First, let me forward you to Andrew Kirkpatrick of Adobe, who writes the Adobe Accessibility Blog, and who along with me and 40 other folks is a member of the Telecommunications and Electronic and Information Technology Advisory Committee providing recommendations for updates of accessibility standards issued under section 508 of the Rehabilitation Act and guidelines under Section 255 of the Telecommunications Act. Perhaps you met Andrew during your time at Adobe? In any case, Andrew and Adobe are the experts on PDF accessibility, not me and Sun...

That said, please let me observe that PDF/X-1a (also known as ISO 15930-1:2001) and PDF/X-3 (also known as ISO 15930-3:2002) are "graphic technology standards" for use in "prepress digital data exchange". They are subsets of the full PDF standard. They are not for editable office documents; rather they are for the final step in a print document's life prior to being sent to the printer (whether that document started out life as a spreadsheet or a glossy 4-color magazine advertisement). Mathematical equation editing happens upstream - in places like office documents or other formats dedicated to preserving all of the semantic meaning of the equation. Likewise the gathering of form data.

Anyway, where I believe it makes sense to ask these questions is with PDF/A-1 (also known as ISO 19005-1:2005). This is a "document management" standard, which is described as an "electronic document file format for long-term preservation". It is here (rather than while in transit to a printer) that the preservation of accessibility information is important, and where our accessibility attentions make sense. I haven't yet read that standard, so I can't speak to what W3C specifications it does or does not incorporate. As I find out more, I'll post the answers here.

Tuesday Jul 03, 2007

Reviewing the "Accessibility of Ecma Office Open XML File Formats"

Since the start of the discussions around office document accessibility nearly two years ago - with the publication of Commonwealth of Massachusetts' Enterprise Technical Reference Model v3.5 in September 2005 specifying the use of OpenDocument format for office documents - I have seen NO clear and technical discussion of the accessibility of the Microsoft OXML format. Rather, in meetings I've been part of, Microsoft representatives have simply stated that since Microsoft Office is accessible (only when running on Microsoft Windows, and for the blind only when running with expensive 3rd party assistive technologies), it is automatically the case that the underlying file format fully supports everything needed for accessibility. This has been the first, last, and only word on the accessibility of MSOXML even while many European countries and American States have considered standardizing on an office file format - and grappled with accessibility concerns arising from that consideration. And while several folks I know in the accessibility field have contemplated undertaking such an evaluation of the file format, the 6,000+ page specification for MSOXML proved an effective deterrent.

That finally changed yesterday morning, with the publication of the "Accessibility of Ecma Office Open XML File Formats" white paper at the OpenXML Developer website.

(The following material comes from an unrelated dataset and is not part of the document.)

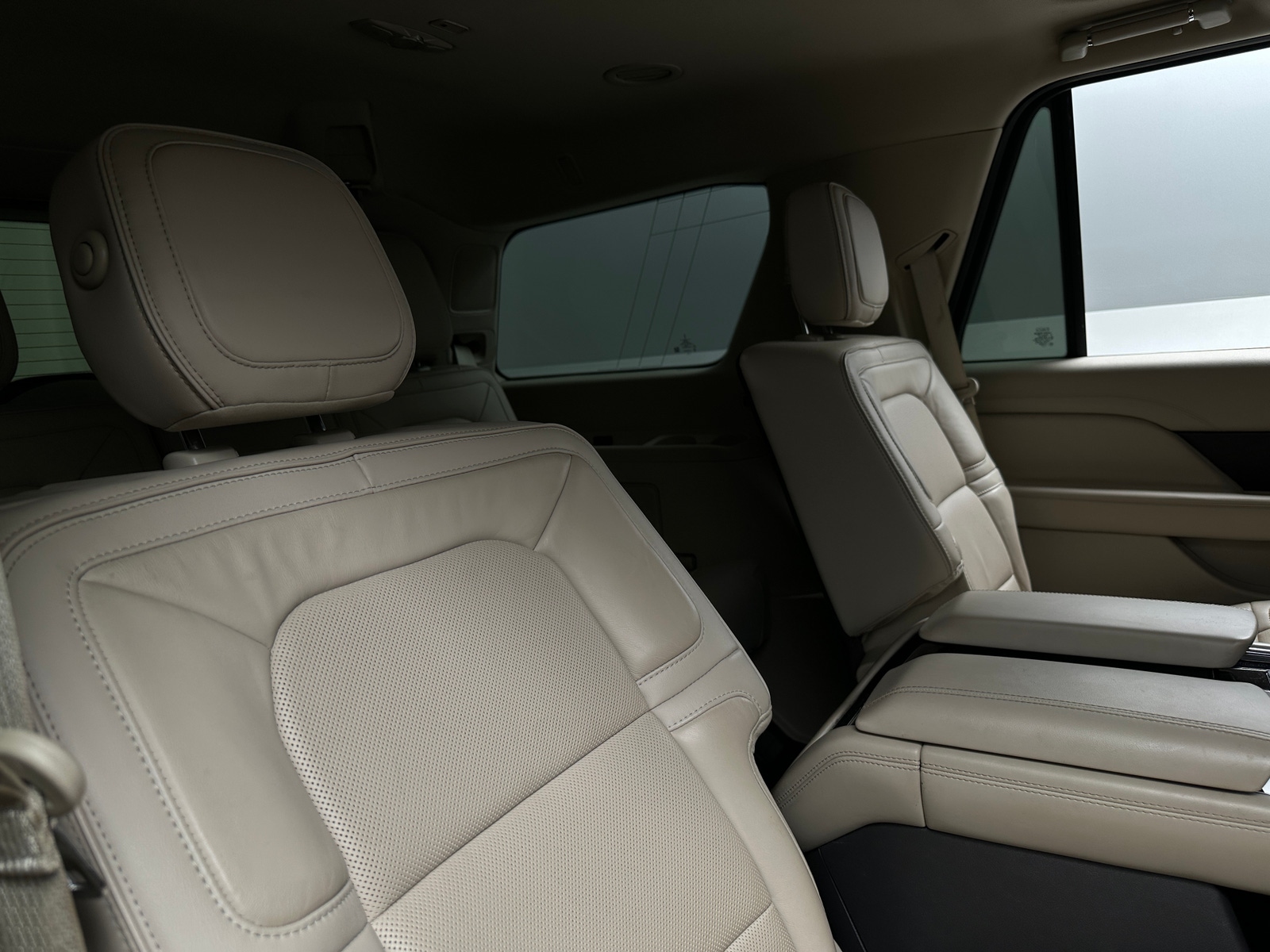 Thumbnail: 2018 Lincoln Navigator - 5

This welcome - if late - development allows us to finally start to have a real technical discussion of MSOXML accessibility, and to start to compare MSOXML accessibility support to what is in OpenDocument Format v1.1.

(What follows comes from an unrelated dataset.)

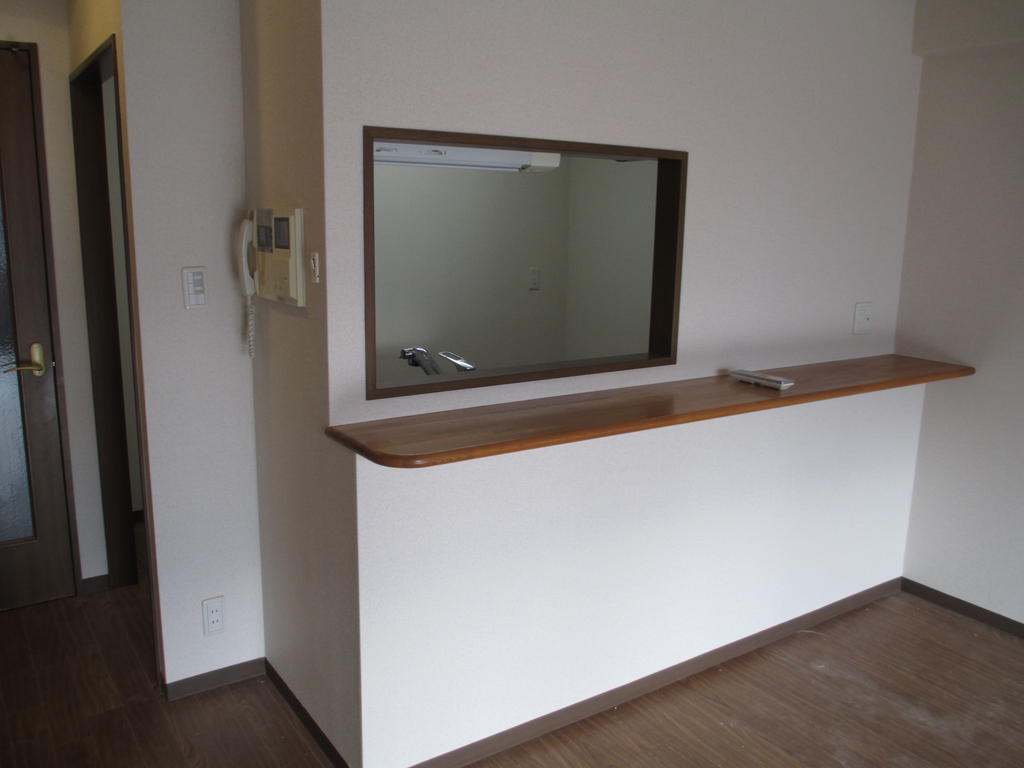 Living and room. Independent kitchen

The 38 page "white paper discusses the Accessibility features of Open XML and using the Web Content Accessibility Guidelines 1.0 and XML Accessibility Guidelines ." It begins with this cover text:

Microsoft is offering this document as a contribution to, to further understanding of Open XML within the development community. Microsoft offers this to as a project to which others may contribute, to help improve the support for assistive technology in the development of software using the Ecma Office Open XML Format Specification.

This Microsoft-proffered document goes through each of the checkpoints of the May 1999 Web Content Accessibility Guidelines v1.0, and the 3rd Draft, October 2002 XML Accessibility Guidelines, and describes whether and how MSOXML supports these checkpoints. One particularly nice thing this document does for many of the checkpoints is to illustrate in XML precisely which MSOXML tags one would use to support that checkpoint. For example, for Checkpoint 1.1 of WCAG 1.0, on pages 7 & 8 the white paper shows how to use the tag to annotate shapes, grouped objects, and line/arrows with text equivalents, and the tag to do the same thing for images, charts, and 3D objects. These XML fragment illustrations are present for most of the provisions that Microsoft claims MSOXML supports.

While a very welcome contribution to the discussion of office file format accessibility, this document raises a number of new questions, even as it answers others:

  1. Who did this review? The white paper contains no list of authors, nor even the name of one or more groups at Microsoft. The only person associated with this document is Gray Knowlton, an member with no bio, and only one posting to the website to date. He appears to be a Group Product Manager for Microsoft Office, focused on Technical Product Management. What about people with accessibility expertise at Microsoft? I presume at least one of them was involved, but with what background? What about folks from the disability community. Was anyone with technical background from a blindness organization invited to contribute? Anyone with physical impairment expertise? Anyone making assistive technologies? Anyone making file conversion software to take office documents into Braille or DAISY? It is difficult to trust a document that has no attribution. Given the high stakes involved, it is difficult to accept something without peer review from experts that don't stand to profit from the results of the review.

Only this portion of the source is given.